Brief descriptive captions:
--
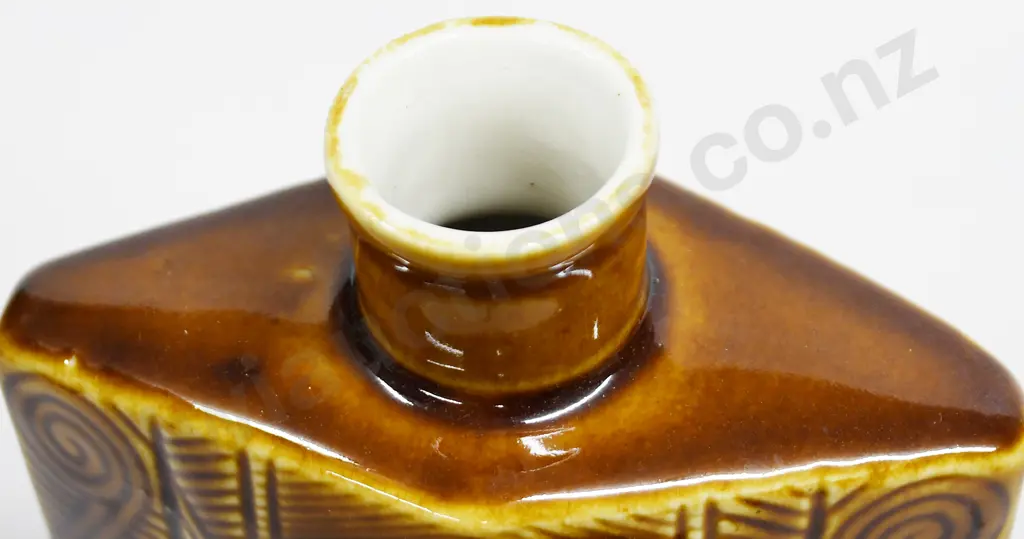 PARKER POTTERY STOPPERED BOTTLE FOR LINCOLN WINES Image 1++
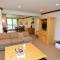 Riverview Unit 8, All the Essentials Riverside Condo with Access to Pool & Hot Tub - أسبين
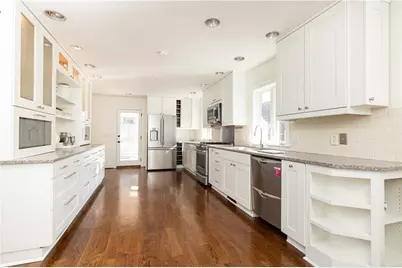 3595 Old Ivy Lane NE, Atlanta, GA 30342 - Photo 14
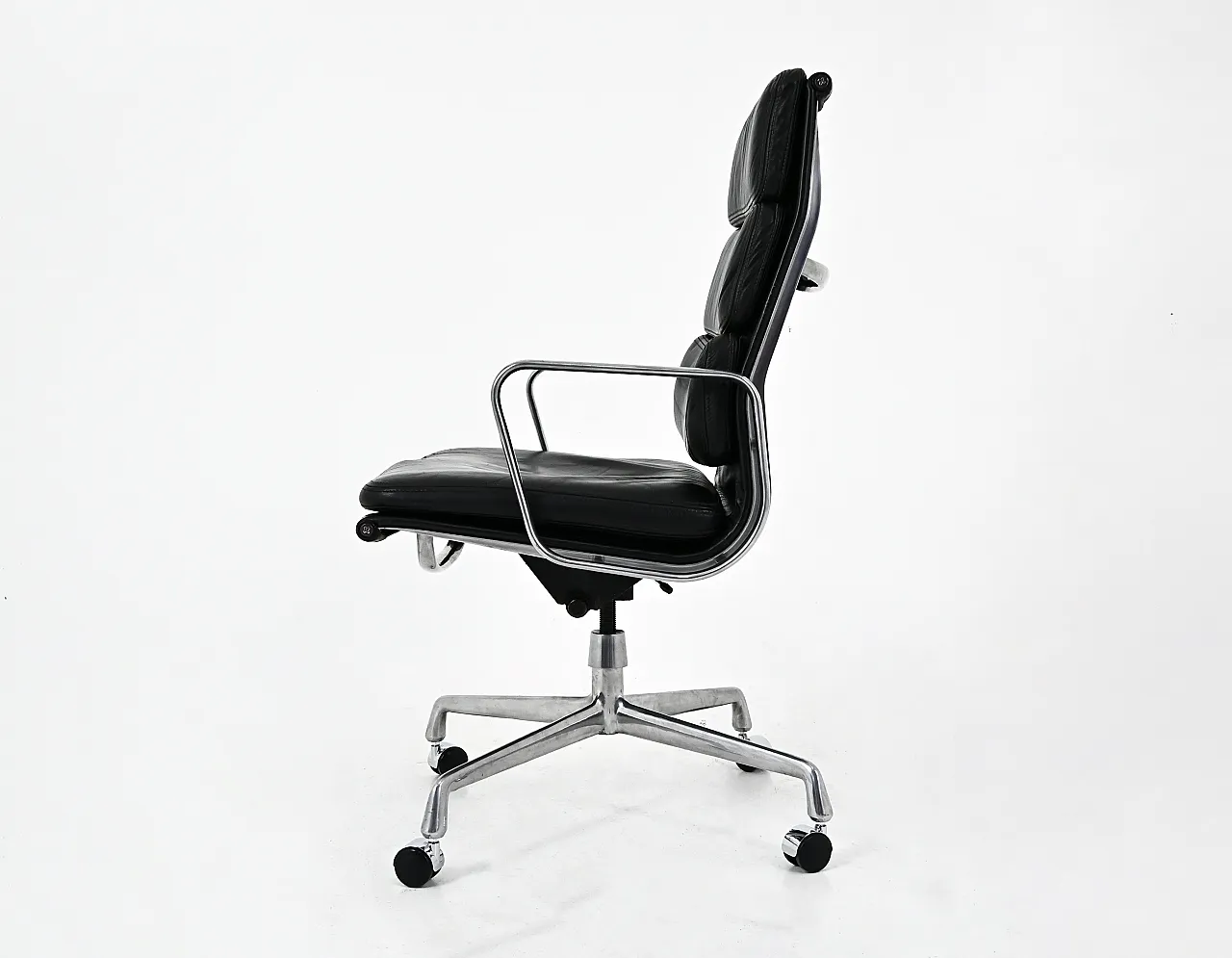 Sedia Soft Pad di Charles & Ray Eames per Ring Mobelfabrikk Norvegia 6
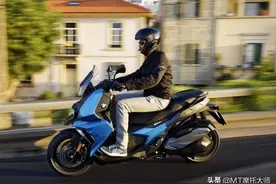 售价6.89万，解读宝马C400X踏板摩托：水冷单缸350动力，国产制造图片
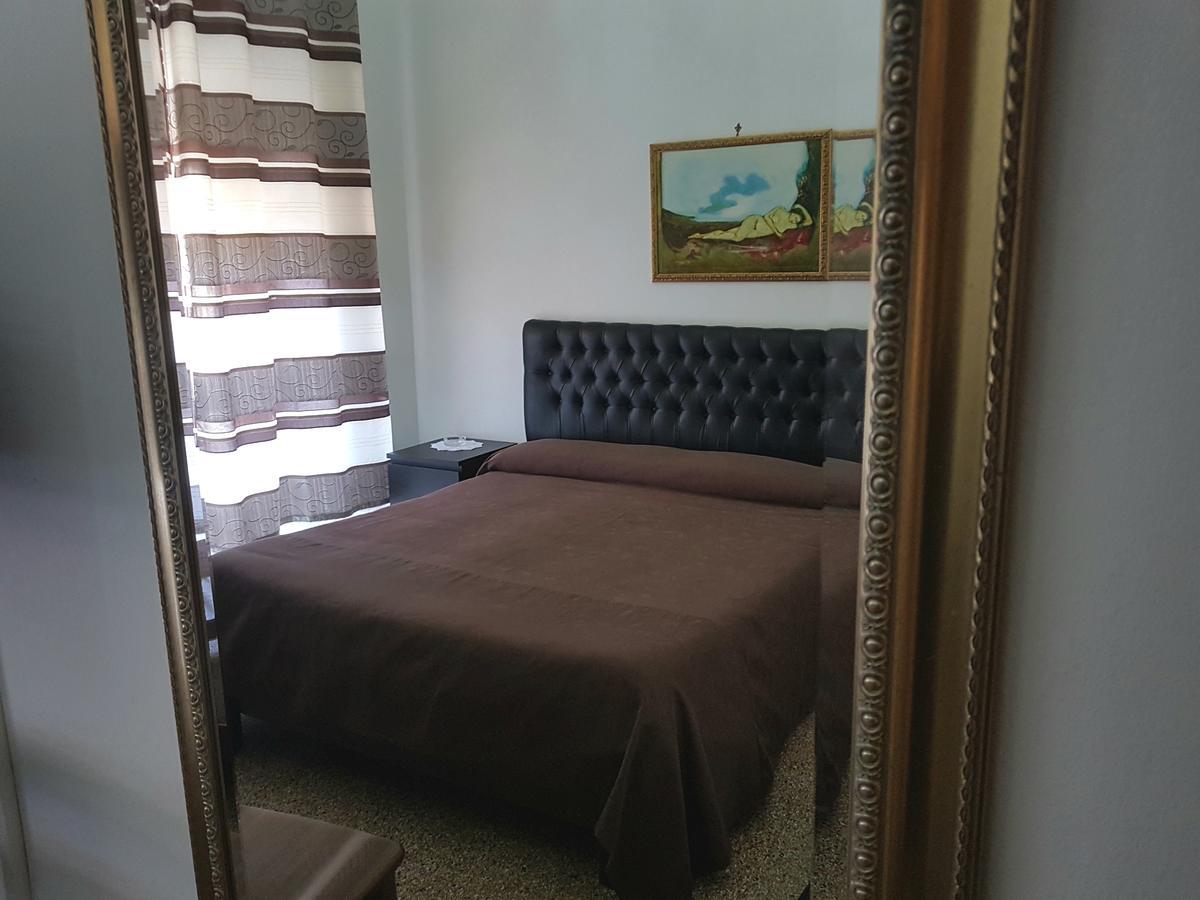 Crispi Rooms Catânia Exterior foto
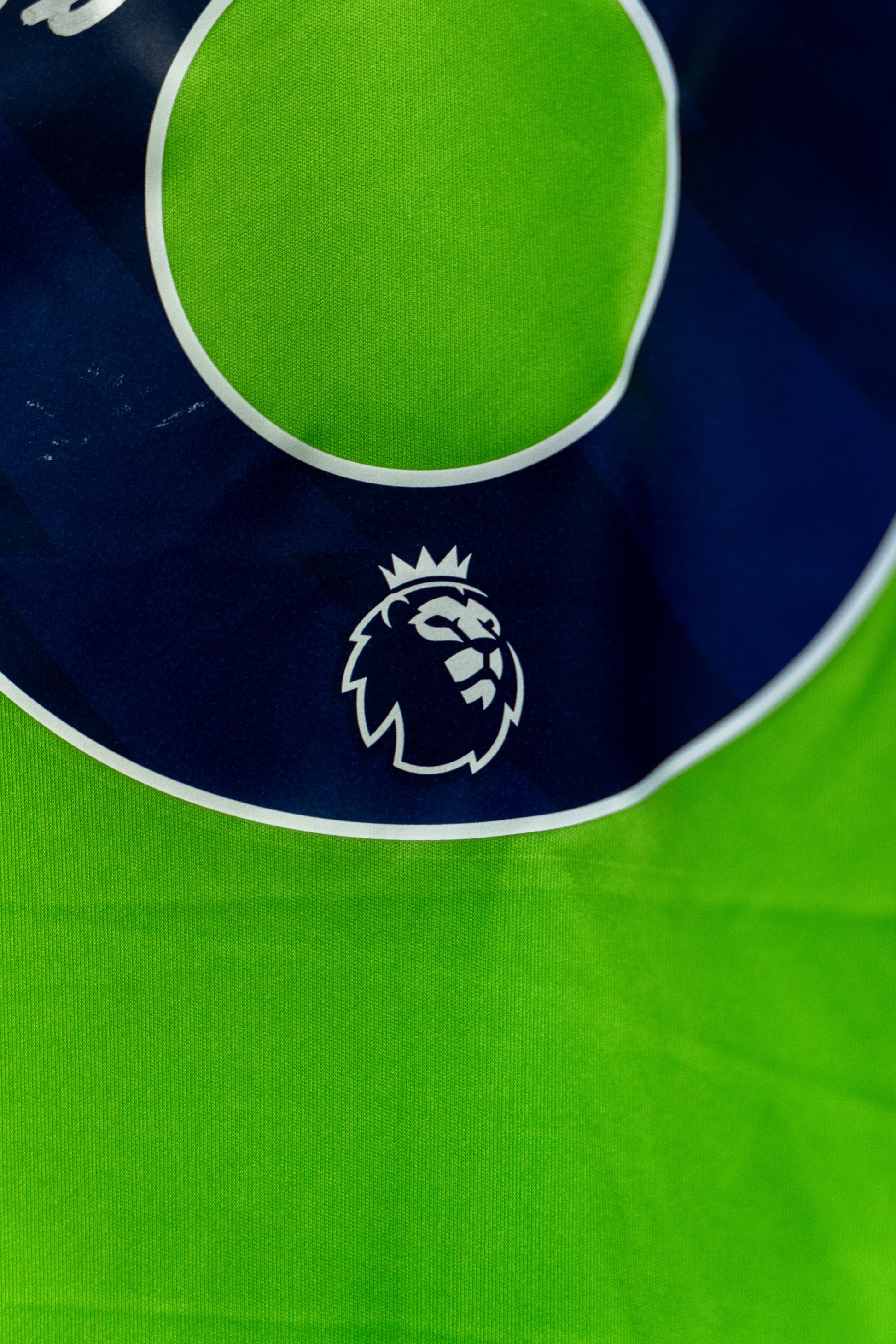 Signert og kampbrukt Sander Berge Fulham drakt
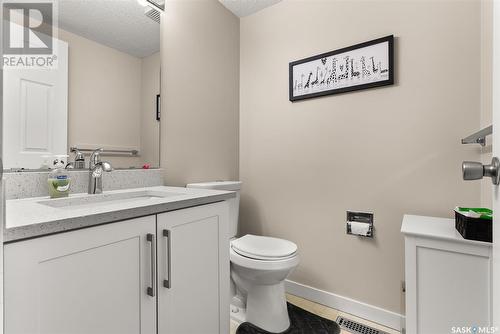 3870 7Th Avenue E, Regina, SK - Indoor Photo Showing Bathroom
--
## Your instructions
Could every entry above be printed again exactly, images excluded?

## Task answer
 PARKER POTTERY STOPPERED BOTTLE FOR LINCOLN WINES Image 1++
 Riverview Unit 8, All the Essentials Riverside Condo with Access to Pool & Hot Tub - أسبين
 3595 Old Ivy Lane NE, Atlanta, GA 30342 - Photo 14
 Sedia Soft Pad di Charles & Ray Eames per Ring Mobelfabrikk Norvegia 6
 售价6.89万，解读宝马C400X踏板摩托：水冷单缸350动力，国产制造图片
 Crispi Rooms Catânia Exterior foto
 Signert og kampbrukt Sander Berge Fulham drakt
 3870 7Th Avenue E, Regina, SK - Indoor Photo Showing Bathroom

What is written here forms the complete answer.